When I talk about knowing the struggles with the Cloud (as I did recently at PASS 2022), I really mean it, and this is one example of it.
This is the case of importing data from Google BigQuery to Azure ADLS v2 (but it can be anywhere else really) using Azure Synapse Pipelines (which is really Azure Data Factory in a different workspace); easy enough, the ugly part is always the authorization part, and in this case having to deal with REST API or JavaScript like those database-hoarding developers.
The process is rather easy, but nobody seems to be able to explain it clearly in a single place without having you to call APIs manually or similar, so here we are.
Prerequisites:
- Your network guys have already dealt with the connectivity between the two cloud services
- Your google user, which you’re logged in to, has already all the access rights to the objects you need, and it can create credentials
Step 1: Create a credential
From the hamburger menu, select “API & Services” -> Credentials
From this page, create a OAuth client ID:
Now, give it a decent name and be sure to include the following as redirect URI:
- https://developers.google.com/oauthplayground
- https://localhost:8080
Now, after creating it and waiting 5 minutes for it to actually work, you should see two fields in the OAuth client page “Client ID” and “Client secret”, which of course are essential for what we’re going to do next:
Step 2: Create a Token
Ok now the weird part.
Go to https://developers.google.com/oauthplayground
Important: in the upper right corner, click the gear and check “Use your own OAuth credentials”
Now, on the right, start with the Step 1 by selecting all the permissions you’re requiring, in this case we just need to read data from BigQuery, so the following should suffice:
Note: If BigQuery includes contents from Google Drive (e.g.
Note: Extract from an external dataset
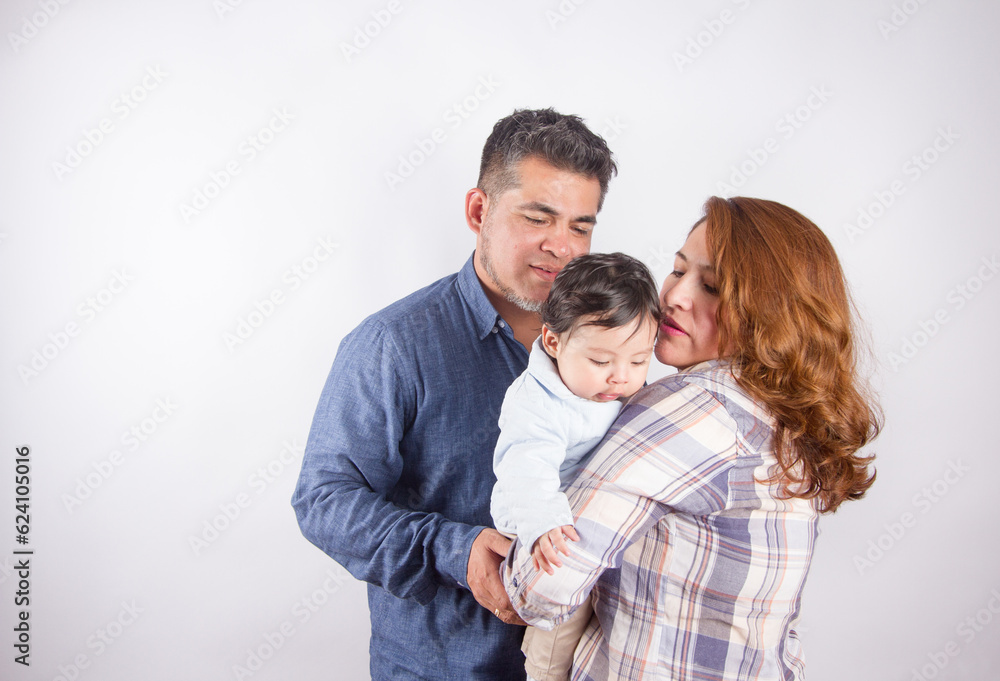 Beautiful photo of mom and dad holding baby on light photo studio background. Family and baby concept. Beautiful photo of mom and dad holding baby on light photo studio background. Family and baby concept.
Google Sheets), then you should also enable the Drive API https://www.googleapis.com/auth/drive.readonly
When pressing “Authorize API” you’ll be prompted to authorize the request, after doing so, you’ll advance to Step 2 automatically, at this point you just have to click on “Exchange authorization code for tokens”
The response to this is exactly what we need, specifically, we’re interested in the refresh token:
Step 3: Create Linked Service
Finally, we have all the elements needed to connect to BigQuery throught ADF/Synapse!
Just create a new linked service, and you should be able to put all the pieces we’ve gathered until now into the correct field:
Of course, I (like Microsoft) recommend saving your Client Secret and Refresh Tokens in Azure Key Vault, as a safer way to manage your secure strings.
If you followed this thoroughly, you’ll get the satisfying “Connection Successful” green badge when testing the connection ๐
Now you can use this linked service to create Intergration Dataset and use it as a source, You’re welcome!